For the 4,000 workforce, the closure of the 43-years-old United Nigerian Textiles Limited (UNTL), Kaduna, was seen as the final death knell on the textile sub-sectors of the Nigerian economy.

UNTL is famed for its ability to survive having managed to remain in business in spite of the turbulent times that enveloped the textile sector for many years. Before its closure, the company produced at 30% installed capacity as many of the workers were sent away on compulsory leave. Some 200 other textile companies in the country have suffered similar fate in the past. Analysts say that the textile sector had played significant role in the economy of the country.

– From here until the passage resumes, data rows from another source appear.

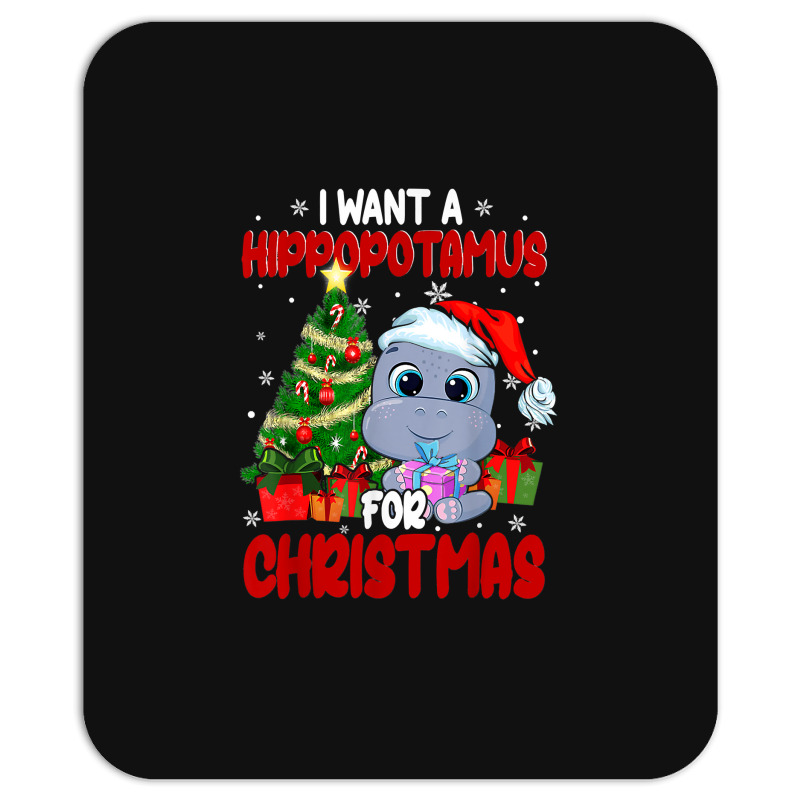 Hippopotamus I Want A Hippopotamus For Christmas Funny Xmas 363 Hippo Mousepad | Artistshot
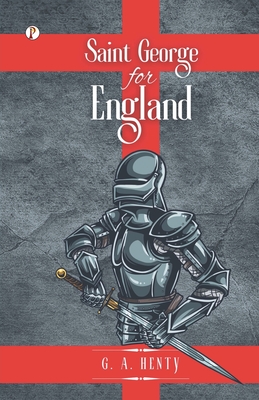 Saint George For England - G. A. Henty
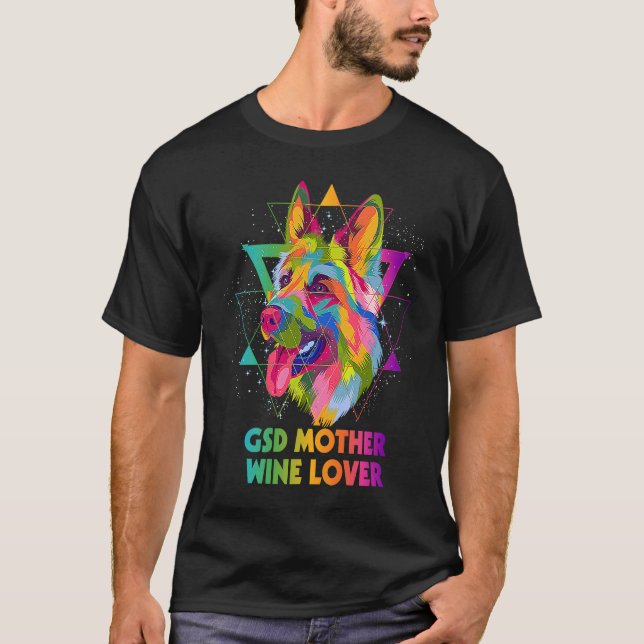GSD Mother Wine  German Shepherd Animal  Shepard   T Shirt (Framsida)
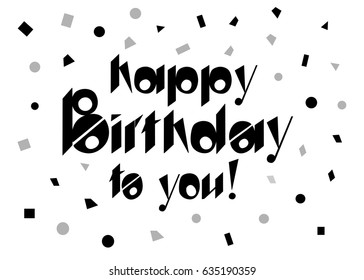 Vector image of "happy birthday to you", black color, confetti in the background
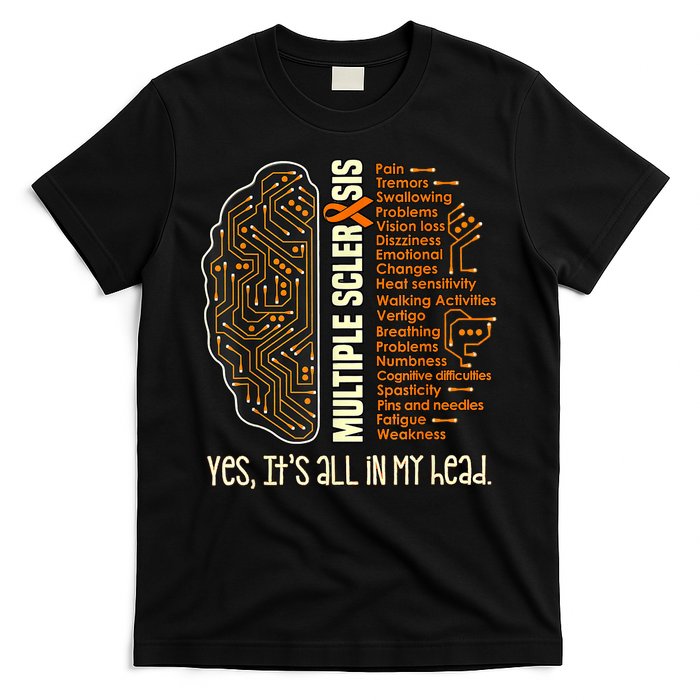 Yes It's All In My Head Multiple Sclerosis Ribbon Brain T-Shirt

The Government has now placed a ban on imported fabrics. The Government has also directed that all para-military services must source their uniforms from Nigerian textiles. To enforce compliance, the Government ordered raids on warehouses to seize contraband textile goods. Early in 2006, the Government initiated a N70 billion credit facility for revamping of textile industries.

The Federal Government has resolved to revive the ailing textile industry, said Minister of State for Commerce and Industry, Ahmed Garba Bichi.

The Minister, while visiting the United Nigeria Textile Plc Kaduna (UNT) stated that Small and Medium Enterprises Agency of Nigeria and the Bank of Industry are mobilized to revive the textile industry of Nigeria.

Assistant General Manager Industrial Relations UNT, Senator Walid Jibril informed the Minister with the number of problems ranging from erratic supply of electricity, unfavourable Government policies and fake products, insufficient supply of Black Oil (LPFO) to unfair competition between locally manufactured and smuggled fabrics led to the collapse and eventually the closure of textile companies.

Following the situation, the Minister was sad that the only surviving major textile manufacturing company in Kaduna had to be closed down due to high cost of production and maintenance of equipment and machineries. However, it would be impossible for the Government to achieve the set goal of 13% growth rate in the present development without reviving and sustaining the textile industry.